**To do**
Could you transcribe the entries below exactly, without any of the pictures?

**Data for this exercise**
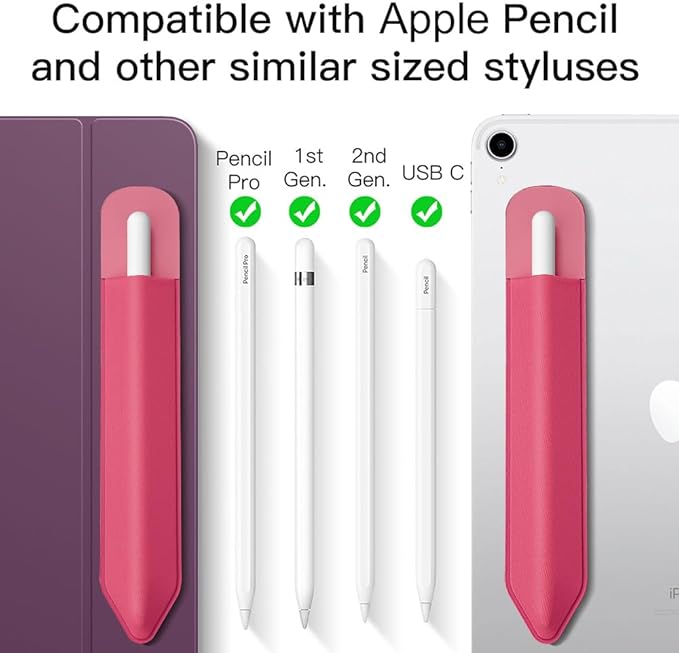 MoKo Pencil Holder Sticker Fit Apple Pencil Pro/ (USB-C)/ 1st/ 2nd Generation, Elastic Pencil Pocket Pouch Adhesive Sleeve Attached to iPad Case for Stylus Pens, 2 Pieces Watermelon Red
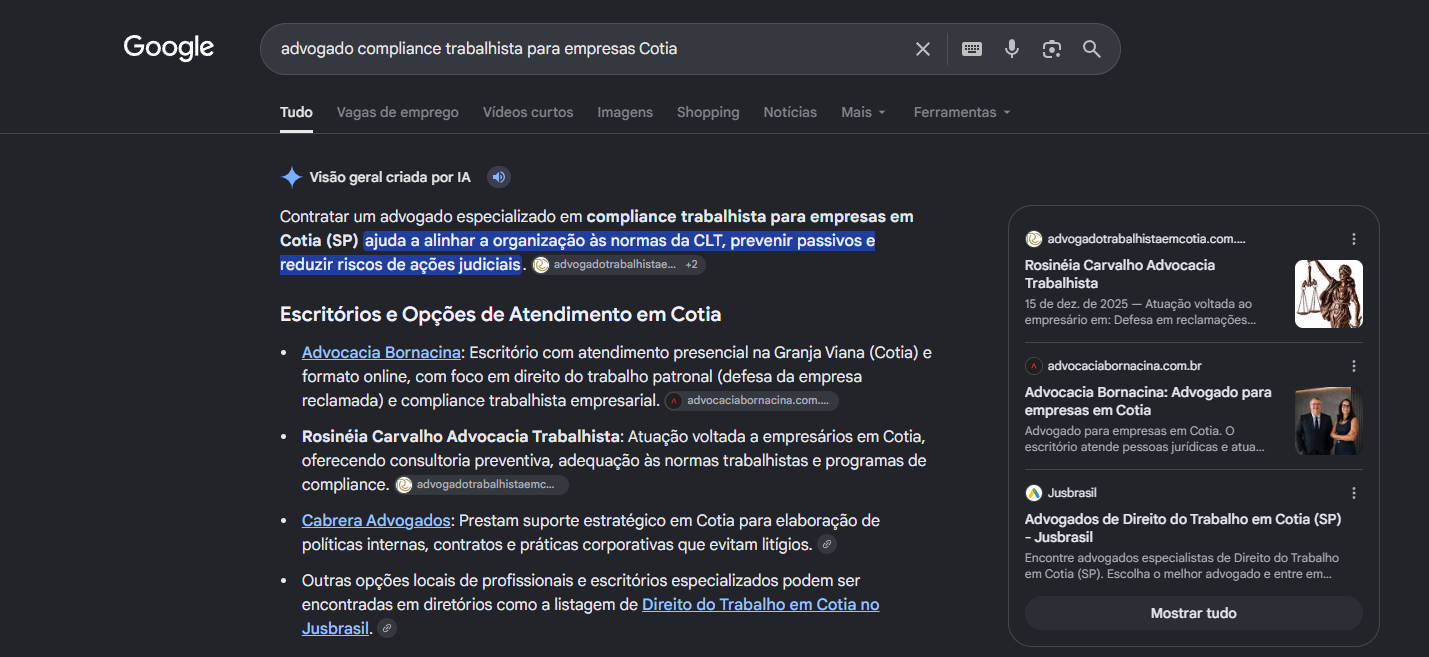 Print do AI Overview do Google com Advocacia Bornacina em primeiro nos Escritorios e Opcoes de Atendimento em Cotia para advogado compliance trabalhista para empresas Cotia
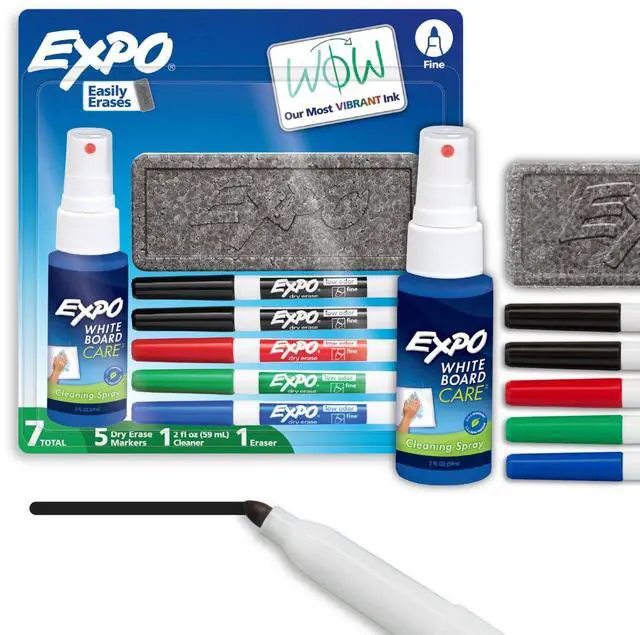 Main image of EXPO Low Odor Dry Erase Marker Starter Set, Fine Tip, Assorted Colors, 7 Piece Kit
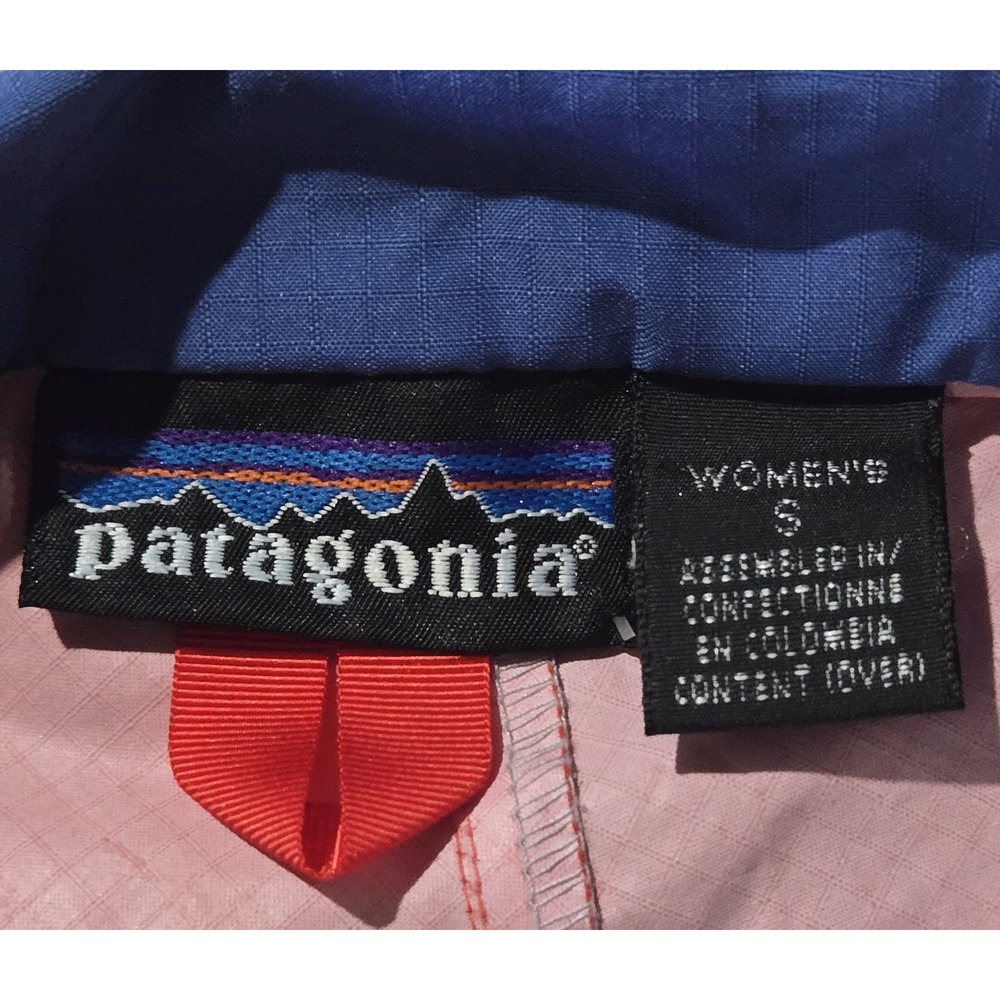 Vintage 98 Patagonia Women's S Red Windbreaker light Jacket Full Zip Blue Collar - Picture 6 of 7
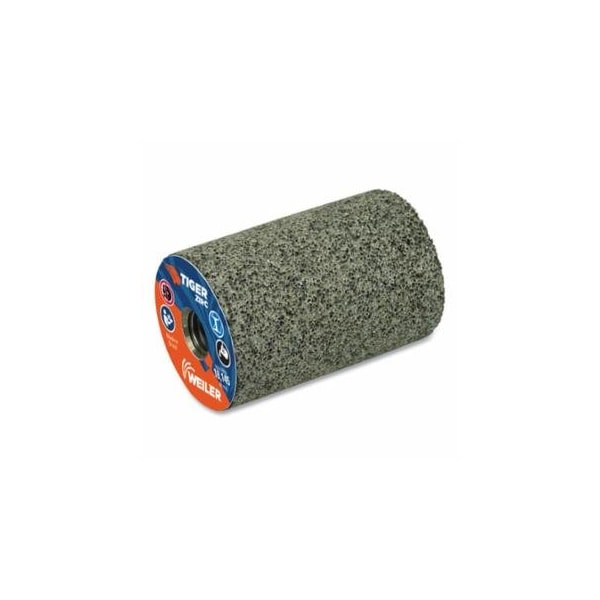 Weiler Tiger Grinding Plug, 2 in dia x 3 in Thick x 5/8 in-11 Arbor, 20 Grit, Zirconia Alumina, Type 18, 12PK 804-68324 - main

**Task result**
 MoKo Pencil Holder Sticker Fit Apple Pencil Pro/ (USB-C)/ 1st/ 2nd Generation, Elastic Pencil Pocket Pouch Adhesive Sleeve Attached to iPad Case for Stylus Pens, 2 Pieces Watermelon Red
 Print do AI Overview do Google com Advocacia Bornacina em primeiro nos Escritorios e Opcoes de Atendimento em Cotia para advogado compliance trabalhista para empresas Cotia
 Main image of EXPO Low Odor Dry Erase Marker Starter Set, Fine Tip, Assorted Colors, 7 Piece Kit
 Vintage 98 Patagonia Women's S Red Windbreaker light Jacket Full Zip Blue Collar - Picture 6 of 7
 Weiler Tiger Grinding Plug, 2 in dia x 3 in Thick x 5/8 in-11 Arbor, 20 Grit, Zirconia Alumina, Type 18, 12PK 804-68324 - main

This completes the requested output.